Mirror, mirror on the wall

Yesterday, this beautiful face said she thought her sister was prettier because her sister had curly hair.

Jenny’s hair is really pretty, and when the humidity is right, will curl into ringlets like Goldilocks. If I braid it, the tips make a perfect swirl. I have resisted even a trim for her, just because I’m afraid that curl will go away.

Katie’s hair is super thick and poker straight. It also grows very slowly, which we learned after her little friend cut it and we waited for seemingly forever for it to grow out again. But her hair isn’t unattractive at all, and when combined with this face, she has no worries in the beauty department.

I told her she was gorgeous. Period.

It just bothers me that such a young girl is already acutely aware of her looks and is ready to compare herself with others. She has already voiced concerns over being fat (she, like all my kids, is in the 25 percentile for weight and the 50 percentile for height), but I know just where she got that idea from – an unthinking neighbor told her a over a year ago that she had a big belly, because she was doing the typical kid thing and standing with an arched back and her abdomen pushed out. She might have had poor posture (she was four years old), but she has not an ounce of excess fat on her.

Self-esteem, body image…these are issues I thought I could avoid for a few more years. Apparently not.

Two quick updates

First of all, about the stockings:

I’m not sure about the velcro part, because I need a special color, special sizes. We found one place on line that only sold them in bulk – like 80 yards for $80. I’m going to call this one place today to see if they really are selling that material for $1.85 a yard, since Angoraknitter found a place at $8 per yard, and that is just a huge difference. Just the material and the fluff and the 550 cord (of which I’ll be happy to use some of the gazillion yards we happen to own for some reason known only to Army guys) is really only about $1 or $2 per stocking.

I went on line and looked up handmade Christmas stockings.

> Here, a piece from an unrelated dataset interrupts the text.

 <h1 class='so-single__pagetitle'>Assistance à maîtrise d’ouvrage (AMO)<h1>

All were nice. Some were super nice. The price range for handmade stockings was $30 to $90. Machine-made novelty stockings were only $10 to $20 each. I need to keep reminding myself that these are handmade (by machine), not (bulk) machine-made.

I don’t mind doing them for cheap to contribute to the overall Christmas spirit, but my husband knows that the main condition of a big discount would be that the price be kept a secret. My husband’s office is a high-traffic, high-visibility one. And everyone passing through is top brass. I WILL make extra stockings, because there WILL be requests for purchase. I don’t need his boss saying she got them for $20 when someone would happily fork over $35.

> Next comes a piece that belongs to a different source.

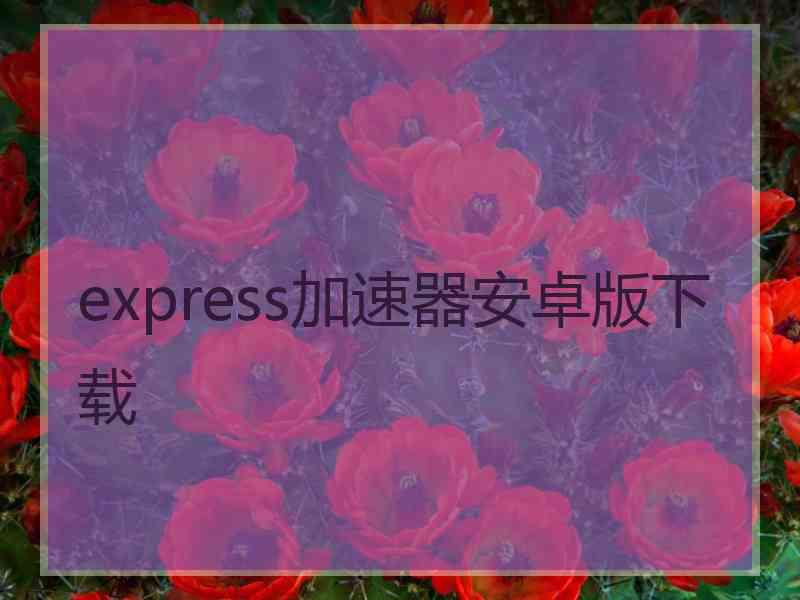 express加速器安卓版下载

Hopefully this afternoon, I will dig out my husband’s stocking and take a picture for you all to see. He has a few BDU tops that are waiting for the knife. I’m going to make them into stockings as well and sell them too. Perhaps my kids and I will do a unit study on running a business. So if you Army wives like this idea, but don’t want to make one yourself, check here in November for pricing. I’m just not sure what postage to Germany is, Renee.

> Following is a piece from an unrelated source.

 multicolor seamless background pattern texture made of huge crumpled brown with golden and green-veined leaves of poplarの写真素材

And the fire update. My house still smells like we’re pack-a-dayers, but it is getting better. The firemen gave me the number to the Fire Prevention office, which was voice mail. I left my name and number. Maintenance came over with a spray can of smoke and tested every single detector and they all went off. Of course. They looked at me like I was an idiot. I insisted that every single room had smoke in it, and they said they didn’t know what to tell me. My neighbor’s alarms go off all the time, so maybe I’m imagining things. Perhaps my husband and children and I are all under some big delusional spell. Right. I’m not sure what I’m going to do. Perhaps buy some cheap alarms and install them myself. I don’t feel safe, but I do sympathize with the maintenance crew too. What can they do? The alarms claim to be working. I’m not interested in setting another fire in my house to prove my point.